Founded: 1956 (EGPC); 2001 (Egas); 2004 (Ganope)

Chairman: Tarek el-Molla (EGPC); Taher Abdel Rahman (Egas); Sherif Ismail Mohamed (Ganope)

Tel: (+202) 2 706 5445

Web: www.petroleum.gov.eg

Background

Although not widely considered a major oil and gas player, Egypt is one of the biggest producers in the Middle East and North Africa region that is not part of oil producers group Opec. It is also the second-biggest producer of gas in Africa and the continent’s largest refiner.

All of the country’s oil exploration and production operations are overseen by Egypt General Petroleum Company (EGPC), while a separate state-run firm, Egypt Natural Gas Holding Company (Egas), created in 2001, is in charge of gas exploration and production. In 2003, the Oil Ministry set up the South Valley Development Company, since renamed Ganoub el-Wadi (Ganope), to promote oil and gas exploration and development activities in Upper Egypt.

EGPC was created in 1956 and was known at the time as the General Corporation of Petroleum Affairs. It was given its current name in 1976. The company ramped up oil production in the 1970s and 1980s, with output peaking at 920,000 barrels a day (b/d) in 1993-94. Since then, it has worked with international oil companies (IOCs) to stabilise output, using the addition of natural gas liquids to help maintain production levels. Egas has been the success story of the past decade, overseeing a huge increase in gas production from practically nothing in the early 2000s to 5.9 billion cubic feet a day in 2012.

Role in Egypt’s economy

The Egyptian economy is relatively diversified, as is the government’s revenue base. EGPC accounted for an estimated 2.5 per cent of economic output in Egypt in 2010 and 2011, while the money earned by the company represented about 12 per cent of government revenues. Nevertheless, the national oil companies (NOCs) play an important part in keeping the economy afloat. EGPC and Egas provide most of the oil and gas used to produce hugely subsidised fuel and electricity for Egyptians, which would be unaffordable to the government if the energy was imported. Oil and gas exports have also historically been the main source of the foreign currency used to stabilise the Egyptian pound and pay the country’s massive import bill. Subsidies place an enormous strain on EGPC, which oversees much of the country’s refining infrastructure and must organise fuel imports when necessary.

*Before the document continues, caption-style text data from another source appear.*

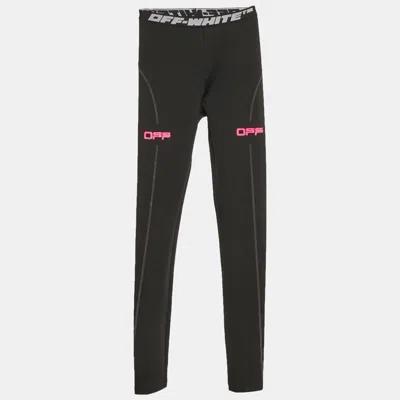 Off-white Black Technical Jersey Active Leggings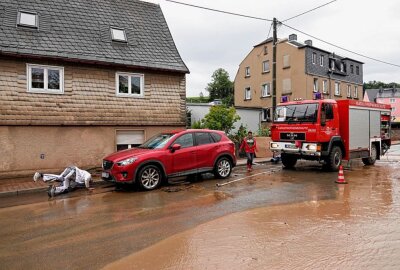 Starkregen: Überschwemmungen in Neukirchen - In Neukirchen kam es zu Überschwemmungen. Foto: Harry Härtel / haertelpress
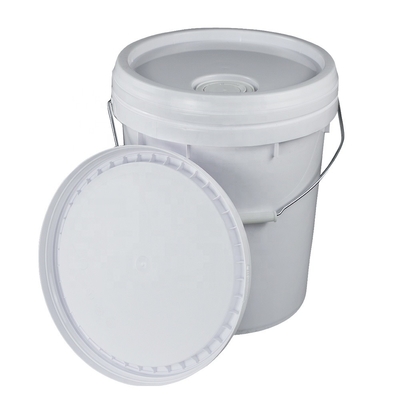 Reusable 2.0mm 20 Litre Paint Bucket With Lids BPA Free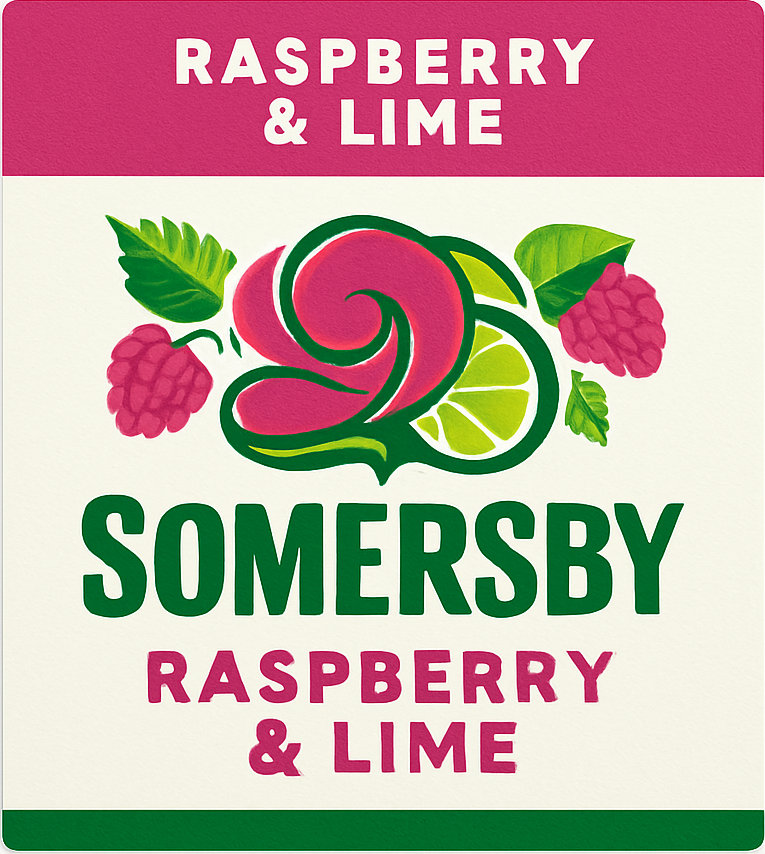 Etiket van Somersby Raspberry & Lime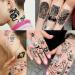 3D Black Skull Halloween Temporary Tattoos - 59 Sheets | Long Lasting Fake Tattoos for Adults & Kids - Realistic Owl, Wolf, Lion, Tiger, Devil | Body Art Stickers - Buy Online on SooperMarket.com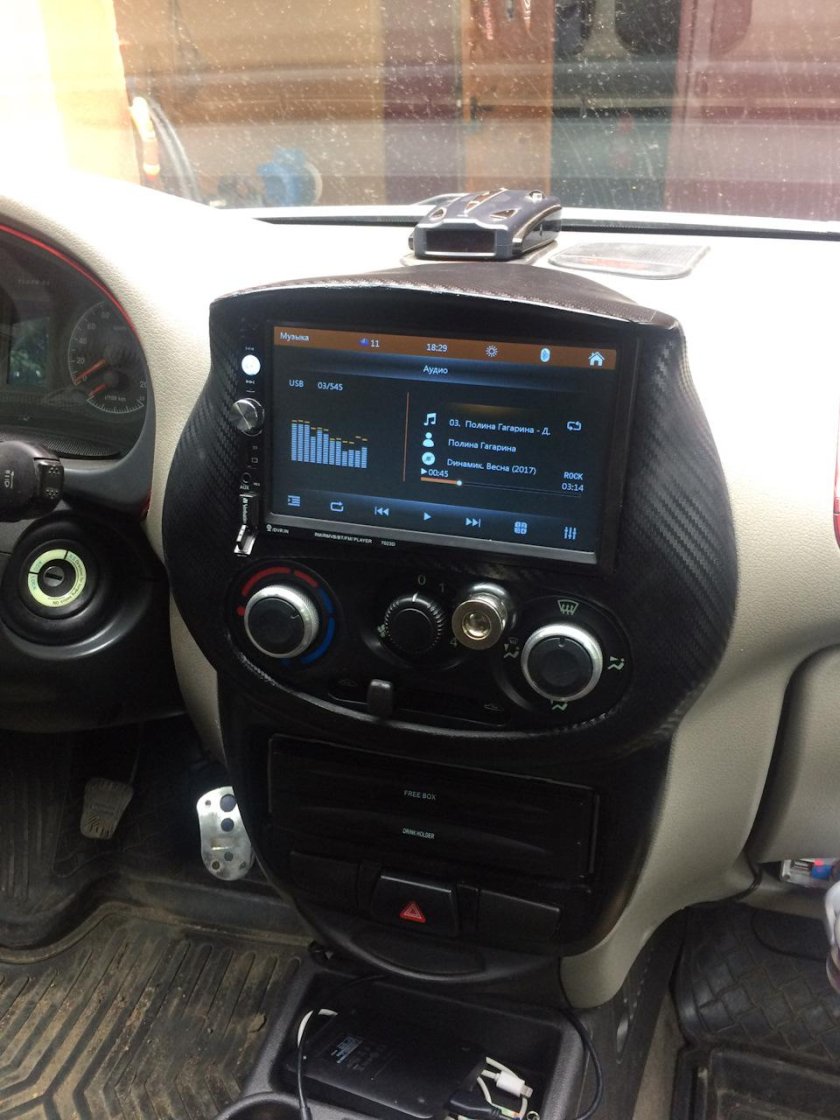Лада Калина 1 магнитола 2 din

Role in the global economy

Egypt consumes much of the oil it produces, but its gas is exported, via the Arab gas pipeline and as liquefied natural gas, to markets in Europe and Asia. However, rising domestic gas consumption – mainly for electricity – is denting its status as a supplier to the international market.

Egypt’s NOCs play a significant role in the transportation of oil. The Suez-Mediterranean (Sumed) pipeline, a joint venture of EGPC, Abu Dhabi National Oil Company and Kuwaiti investors, carries 2.35 million b/d of oil between the Red Sea and the Mediterranean.

Strategy

Egypt’s political system is in flux, and although its NOCs were able to continue operations throughout 2011 and 2012, it is hard to know whether strategies adopted before the overthrow of President Hosni Mubarak will be maintained.

Subsidiaries

EGPC oversees a number of joint-venture companies with IOCs and most of the country’s major refiners. Key subsidiaries include General Petroleum Company, Suez Oil Processing Company. Cairo Petroleum Refining Company, El-Nasr Petroleum Company, Alexandria Petroleum Company, Egyptian Petrochemicals Holding Company, Amerya Petroleum Refining Company and Assuit Petroleum Refining Company.